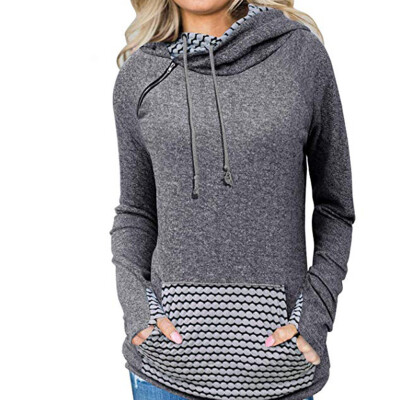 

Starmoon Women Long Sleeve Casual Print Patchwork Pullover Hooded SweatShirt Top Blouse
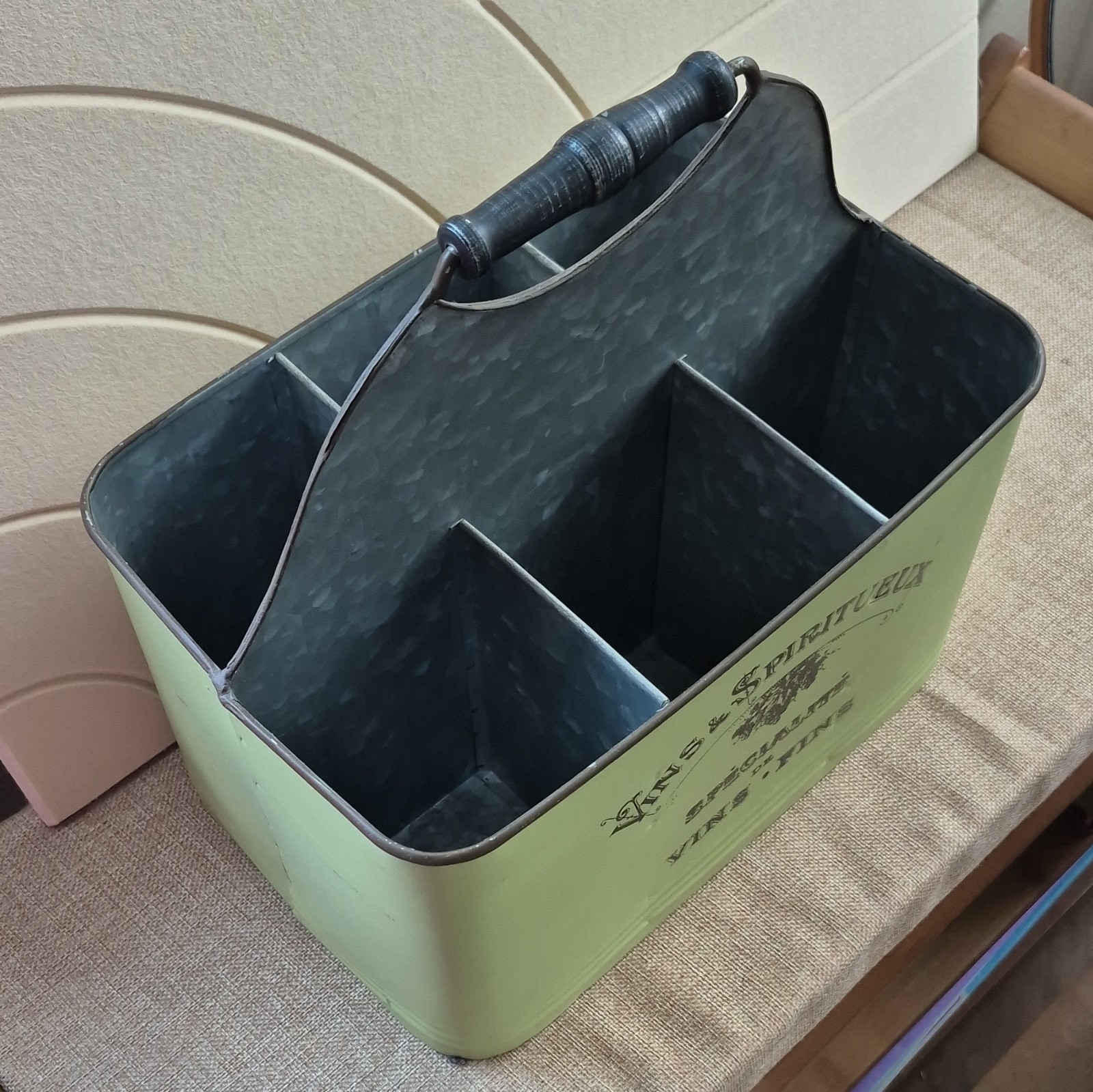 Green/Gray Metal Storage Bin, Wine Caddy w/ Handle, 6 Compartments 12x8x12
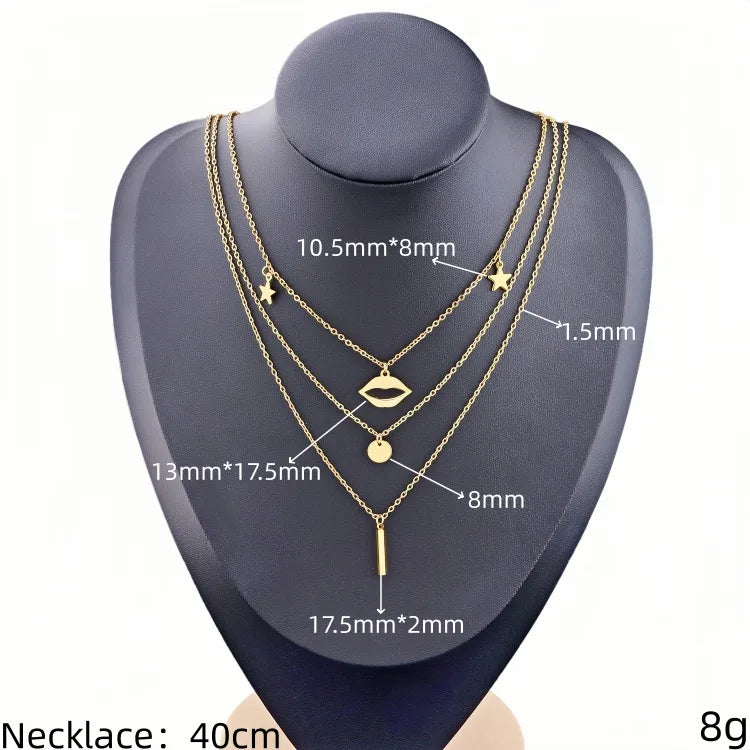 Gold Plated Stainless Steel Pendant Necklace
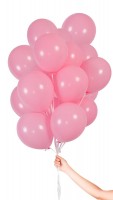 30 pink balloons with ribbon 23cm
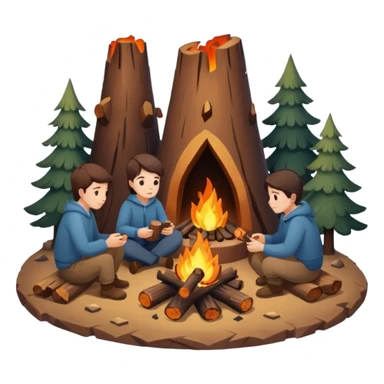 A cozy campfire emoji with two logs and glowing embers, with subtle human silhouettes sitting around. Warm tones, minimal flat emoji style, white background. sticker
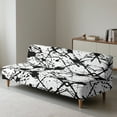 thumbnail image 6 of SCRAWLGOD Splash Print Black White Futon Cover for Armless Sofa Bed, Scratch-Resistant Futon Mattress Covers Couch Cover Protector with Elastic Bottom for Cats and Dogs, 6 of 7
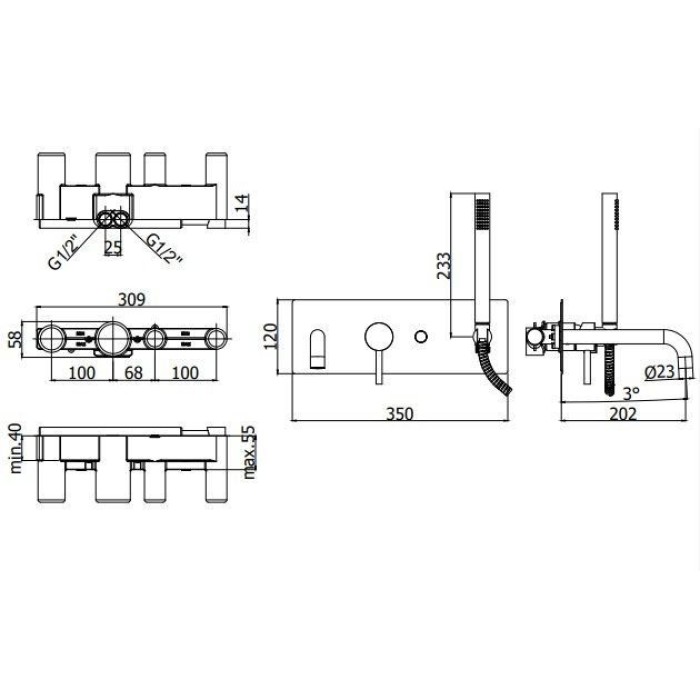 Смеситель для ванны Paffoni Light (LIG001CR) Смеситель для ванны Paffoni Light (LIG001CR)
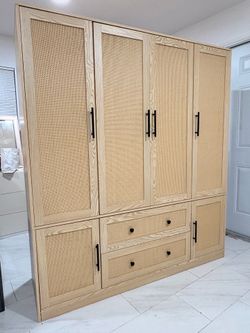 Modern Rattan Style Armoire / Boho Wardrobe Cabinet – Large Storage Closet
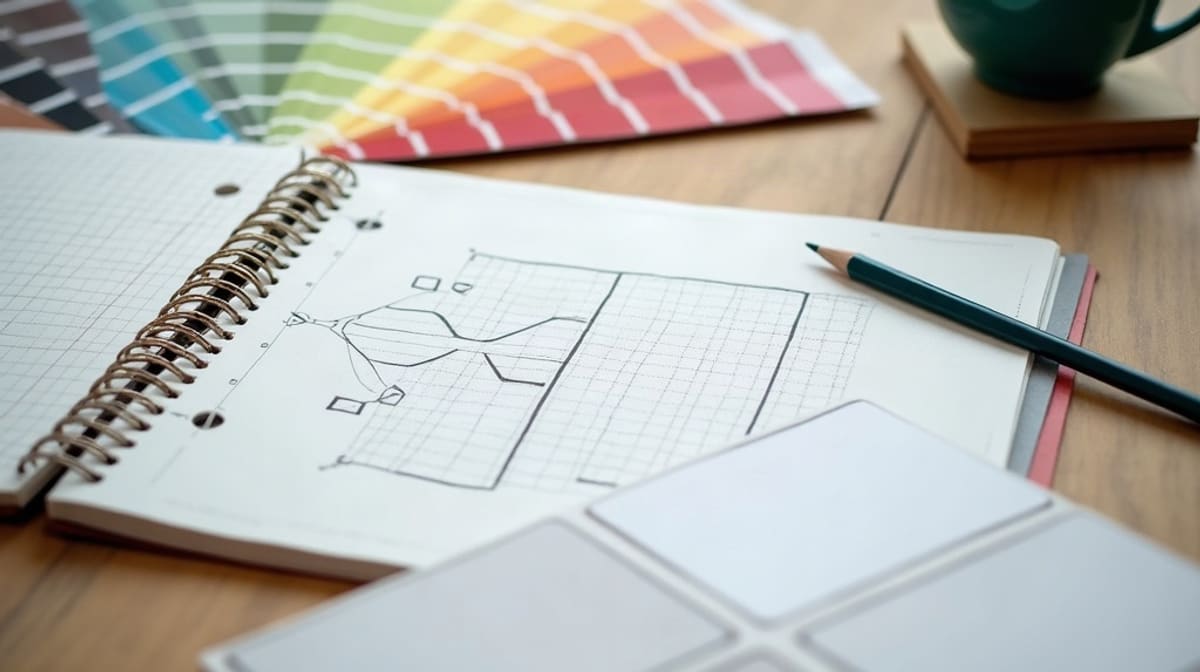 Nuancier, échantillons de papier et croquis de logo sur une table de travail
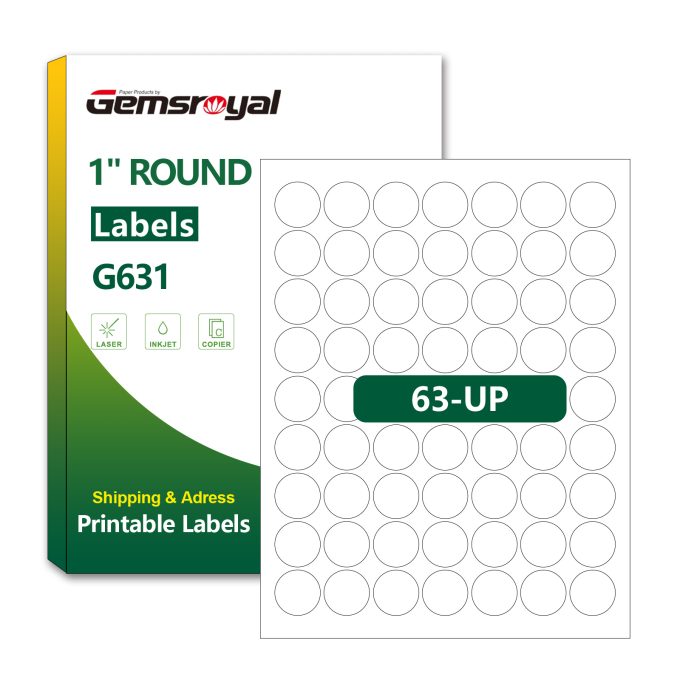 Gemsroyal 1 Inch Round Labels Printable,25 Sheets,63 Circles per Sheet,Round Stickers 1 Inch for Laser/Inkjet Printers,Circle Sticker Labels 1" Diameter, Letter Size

▶ Problem details
Copy out, with no pictures, the lines from the one containing "Nuancier, échantillons de" through the last line of the data above, both ends included and each word unchanged.

▶ Answer below
 Nuancier, échantillons de papier et croquis de logo sur une table de travail
 Gemsroyal 1 Inch Round Labels Printable,25 Sheets,63 Circles per Sheet,Round Stickers 1 Inch for Laser/Inkjet Printers,Circle Sticker Labels 1" Diameter, Letter Size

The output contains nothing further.